__Activity__.
Copy each line of the listing below exactly.

*** Material provided ***

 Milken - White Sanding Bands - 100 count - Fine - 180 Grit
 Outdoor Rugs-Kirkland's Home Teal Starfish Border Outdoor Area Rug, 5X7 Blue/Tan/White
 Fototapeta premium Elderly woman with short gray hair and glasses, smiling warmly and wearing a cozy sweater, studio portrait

*** End of Material provided ***

__Exercise output__.
 Milken - White Sanding Bands - 100 count - Fine - 180 Grit
 Outdoor Rugs-Kirkland's Home Teal Starfish Border Outdoor Area Rug, 5X7 Blue/Tan/White
 Fototapeta premium Elderly woman with short gray hair and glasses, smiling warmly and wearing a cozy sweater, studio portrait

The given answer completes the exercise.